* TASK DIRECTIONS *
Below, locate the line that contains "Masażer do Ciała". Repeat exactly from that line to the line that contains "ITE SIEMENS BOS16422U", inclusive, leaving out the pictures.
[Opening LISTED ENTRIES section]
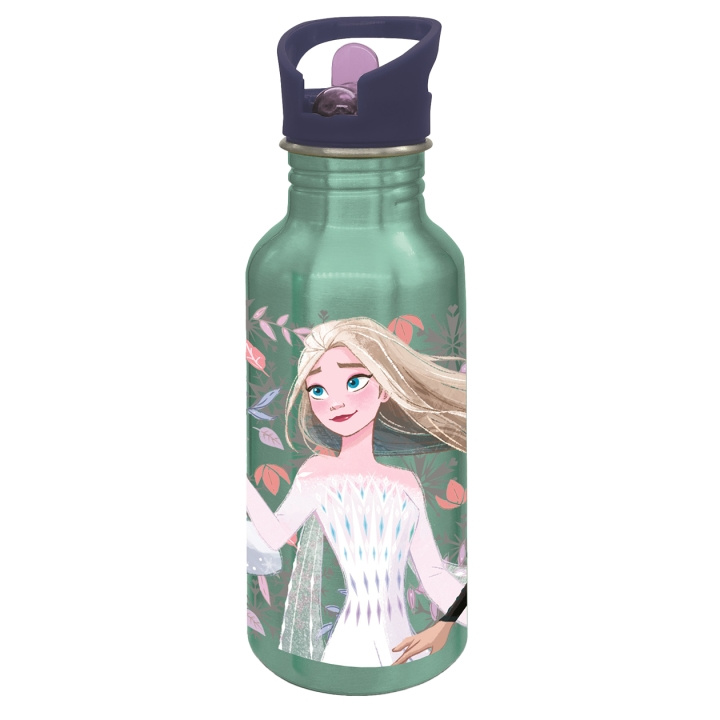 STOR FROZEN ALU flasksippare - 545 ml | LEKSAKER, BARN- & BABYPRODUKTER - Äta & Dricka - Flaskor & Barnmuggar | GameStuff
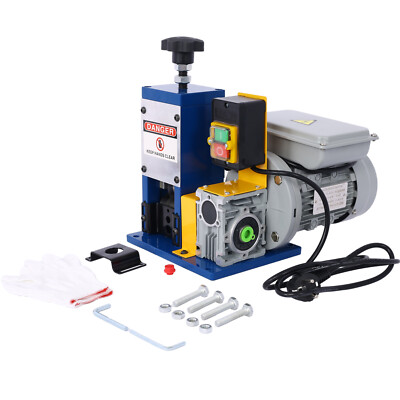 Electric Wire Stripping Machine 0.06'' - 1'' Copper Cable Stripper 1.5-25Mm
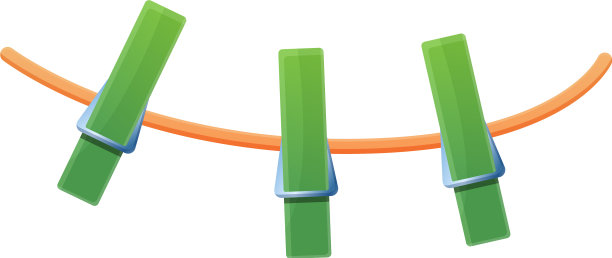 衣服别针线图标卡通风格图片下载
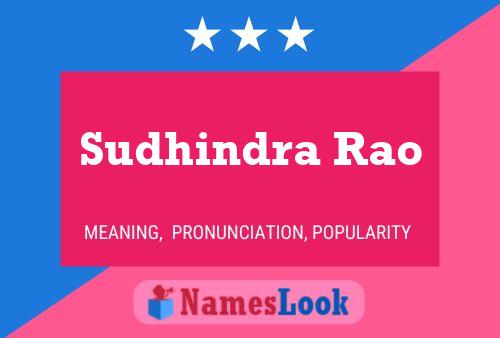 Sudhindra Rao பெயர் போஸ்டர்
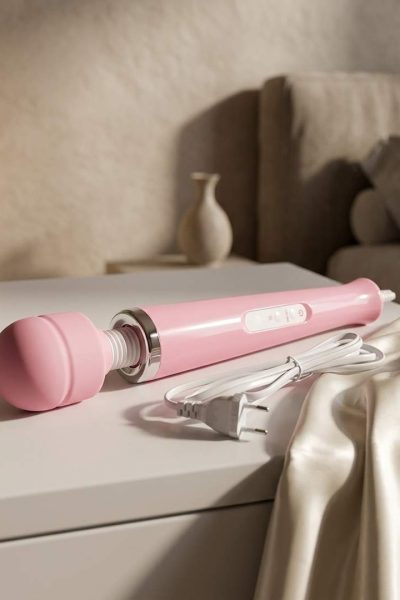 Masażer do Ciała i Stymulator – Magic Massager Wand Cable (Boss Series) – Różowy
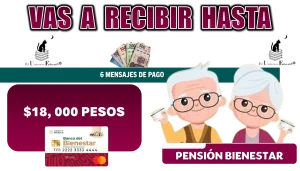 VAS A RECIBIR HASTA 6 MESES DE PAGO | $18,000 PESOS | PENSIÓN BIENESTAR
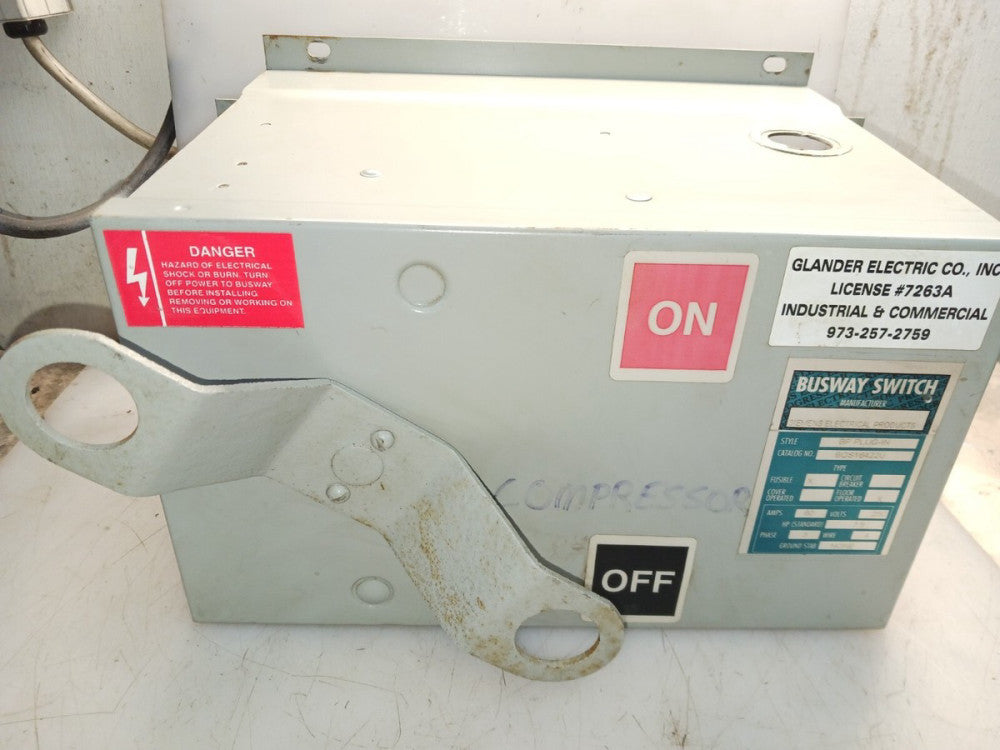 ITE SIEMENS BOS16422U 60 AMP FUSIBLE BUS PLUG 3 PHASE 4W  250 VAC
[Closing LISTED ENTRIES section]
[Opening LISTED ENTRIES section]
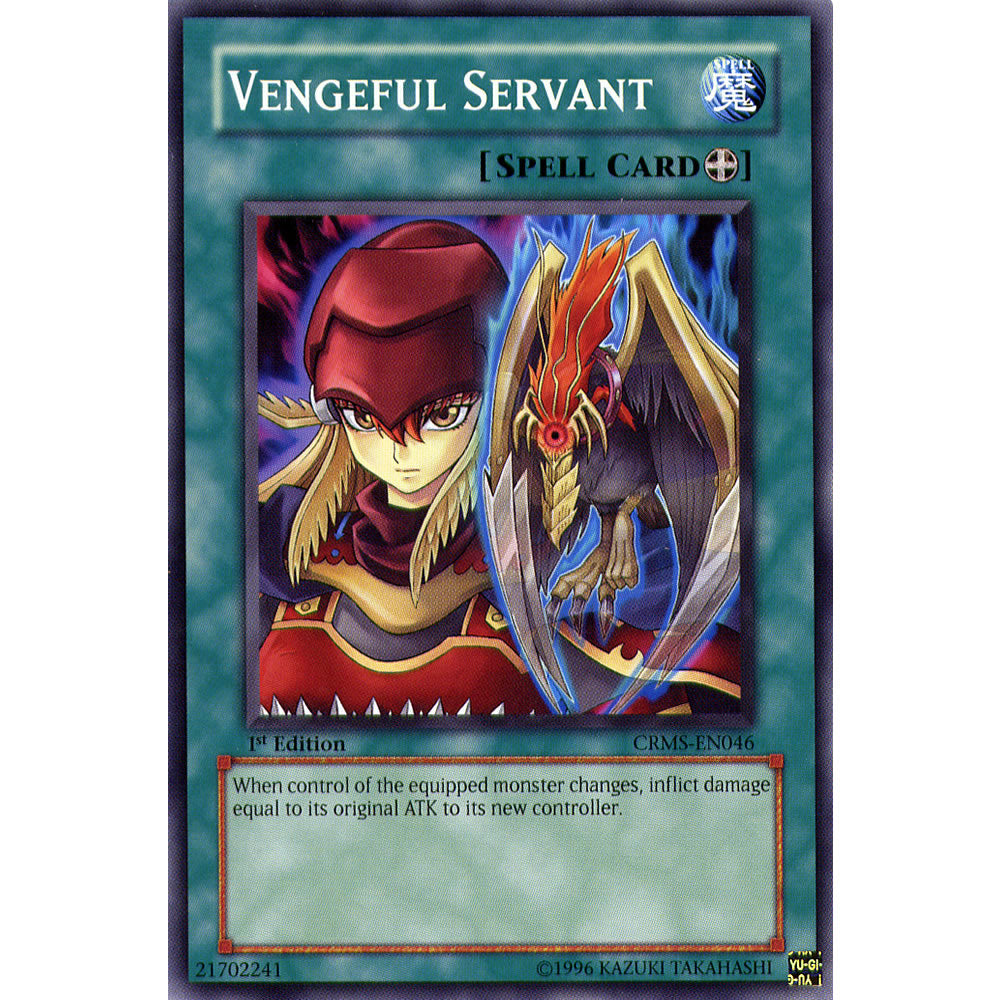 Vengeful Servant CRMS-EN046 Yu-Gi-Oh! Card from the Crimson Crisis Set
[Closing LISTED ENTRIES section]
* THE COMPLETED TASK *
 Masażer do Ciała i Stymulator – Magic Massager Wand Cable (Boss Series) – Różowy
 VAS A RECIBIR HASTA 6 MESES DE PAGO | $18,000 PESOS | PENSIÓN BIENESTAR
 ITE SIEMENS BOS16422U 60 AMP FUSIBLE BUS PLUG 3 PHASE 4W  250 VAC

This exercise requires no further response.